Yesterday, CBS aired the final interview with Michelle Obama as first lady, conducted by longtime media megastar-cum-legend Oprah Winfrey. Obama was composed, gracious, and authentic — all traits that could be applied to Winfrey as well. And this is not the first time the two sat down together in a professional capacity. In 2009, Oprah interviewed Obama for O magazine, and she previously hosted the Obamas on her talk show in 2006, back when Barack was still just a senator from Illinois. But Michelle Obama and Winfrey are friends outside the professional sphere as well.
Toward the end of the CBS interview, Winfrey invites Obama to go "glamping" with her (a portmanteau combining "glamorous" and "camping," and the only acceptable way to sleep in the woods, in my humble opinion).

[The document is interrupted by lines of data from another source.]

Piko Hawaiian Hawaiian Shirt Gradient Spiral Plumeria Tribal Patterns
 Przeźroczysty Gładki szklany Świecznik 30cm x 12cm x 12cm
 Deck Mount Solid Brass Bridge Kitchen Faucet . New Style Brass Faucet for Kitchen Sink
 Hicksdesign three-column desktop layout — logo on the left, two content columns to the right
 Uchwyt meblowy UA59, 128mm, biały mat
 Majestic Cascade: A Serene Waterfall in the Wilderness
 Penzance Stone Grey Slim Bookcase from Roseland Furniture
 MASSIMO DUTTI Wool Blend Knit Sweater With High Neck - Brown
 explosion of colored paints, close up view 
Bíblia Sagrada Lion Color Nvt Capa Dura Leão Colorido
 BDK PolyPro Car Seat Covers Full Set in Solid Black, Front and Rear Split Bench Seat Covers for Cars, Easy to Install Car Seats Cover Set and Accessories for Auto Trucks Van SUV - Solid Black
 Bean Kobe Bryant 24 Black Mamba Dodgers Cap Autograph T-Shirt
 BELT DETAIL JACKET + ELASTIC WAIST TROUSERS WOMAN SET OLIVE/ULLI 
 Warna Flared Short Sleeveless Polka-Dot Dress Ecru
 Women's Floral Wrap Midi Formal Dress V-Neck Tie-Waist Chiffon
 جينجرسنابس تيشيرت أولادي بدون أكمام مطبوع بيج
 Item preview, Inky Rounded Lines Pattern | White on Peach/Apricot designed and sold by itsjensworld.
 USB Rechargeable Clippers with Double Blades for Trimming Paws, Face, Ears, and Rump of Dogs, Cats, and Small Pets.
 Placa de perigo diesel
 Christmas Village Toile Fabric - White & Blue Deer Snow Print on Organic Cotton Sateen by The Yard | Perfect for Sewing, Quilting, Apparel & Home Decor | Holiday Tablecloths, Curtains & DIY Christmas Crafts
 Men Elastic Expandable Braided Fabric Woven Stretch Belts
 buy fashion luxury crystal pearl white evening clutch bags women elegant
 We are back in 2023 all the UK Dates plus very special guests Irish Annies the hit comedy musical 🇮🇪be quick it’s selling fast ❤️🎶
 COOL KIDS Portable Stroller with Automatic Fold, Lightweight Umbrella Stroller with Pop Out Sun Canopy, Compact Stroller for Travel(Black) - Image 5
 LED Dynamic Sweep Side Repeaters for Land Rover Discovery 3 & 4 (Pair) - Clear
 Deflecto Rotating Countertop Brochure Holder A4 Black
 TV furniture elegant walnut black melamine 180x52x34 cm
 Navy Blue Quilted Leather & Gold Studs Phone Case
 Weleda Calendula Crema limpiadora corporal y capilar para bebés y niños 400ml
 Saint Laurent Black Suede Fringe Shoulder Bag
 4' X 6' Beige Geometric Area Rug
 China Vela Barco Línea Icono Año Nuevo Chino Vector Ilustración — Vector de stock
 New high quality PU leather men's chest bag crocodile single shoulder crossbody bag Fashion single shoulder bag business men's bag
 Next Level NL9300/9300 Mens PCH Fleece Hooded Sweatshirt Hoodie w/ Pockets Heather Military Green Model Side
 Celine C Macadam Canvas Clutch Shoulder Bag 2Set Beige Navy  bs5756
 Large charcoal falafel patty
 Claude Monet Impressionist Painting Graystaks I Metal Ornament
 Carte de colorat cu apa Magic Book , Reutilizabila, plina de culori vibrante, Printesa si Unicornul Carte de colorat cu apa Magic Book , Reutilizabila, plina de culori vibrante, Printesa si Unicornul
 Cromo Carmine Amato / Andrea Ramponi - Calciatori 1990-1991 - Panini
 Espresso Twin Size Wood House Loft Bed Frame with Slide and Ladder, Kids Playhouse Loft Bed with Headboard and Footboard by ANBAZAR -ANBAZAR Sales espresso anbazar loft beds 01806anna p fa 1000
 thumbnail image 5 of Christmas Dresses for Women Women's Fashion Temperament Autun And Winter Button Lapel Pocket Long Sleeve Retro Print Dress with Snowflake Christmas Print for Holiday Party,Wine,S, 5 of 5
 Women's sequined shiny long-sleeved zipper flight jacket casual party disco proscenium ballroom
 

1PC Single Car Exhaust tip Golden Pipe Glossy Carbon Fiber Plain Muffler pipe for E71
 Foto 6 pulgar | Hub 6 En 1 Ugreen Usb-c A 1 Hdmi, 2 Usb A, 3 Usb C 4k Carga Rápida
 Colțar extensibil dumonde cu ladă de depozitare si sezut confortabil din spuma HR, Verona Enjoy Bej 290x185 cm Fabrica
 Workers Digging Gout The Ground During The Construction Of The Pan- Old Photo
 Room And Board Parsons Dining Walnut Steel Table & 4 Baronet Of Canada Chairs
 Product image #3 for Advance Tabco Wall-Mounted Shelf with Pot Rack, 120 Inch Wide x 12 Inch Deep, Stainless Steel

Obama tentatively agrees, and if you watch closely, her tone changes to one of familiarity. That makes sense, considering very few people would agree to up and spend a weekend alone in nature with anybody but a very good friend. In fact, a "glamping" invitation is akin to the "Can you help me move?" test of friendship: Anyone who says yes is the real deal.
Oprah has admitted outright that she is friends with both the president and Michelle Obama. In a behind-the-scenes video for Oprah.com, Winfrey makes clear that she is resolutely opposed to even the appearance of using that friendship for professional gain. And as many Americans will no doubt remember, Winfrey endorsed then-candidate Barack Obama in 2008, bringing her inimitable star power to his bid to become president. And it's worth noting that her endorsement of Obama marked the first time Winfrey put her name down next to a specific candidate. The friendship is strong between these two families.
How strong? Strong enough that in 2014, Michelle Obama spent her birthday at Winfrey's place in Maui, on a "girlfriends' getaway." Moving past the FOMO here, it's clear that Obama and Winfrey are very close indeed. You don't spend your birthday with just anybody, and you certainly don't travel thousands of miles to hang out with casual acquaintances.
And while that type of off-camera camaraderie can often distract, or even detract, from a good interview, in this case, the friendship between these two women was ideal for the moment. Obama was at ease, and her uplifting answers, even in the face of the criticism she's endured as First Lady and the coming reality of a Trump presidency, were a motivating salve for voters still feeling wounded by the election results of Nov. 8.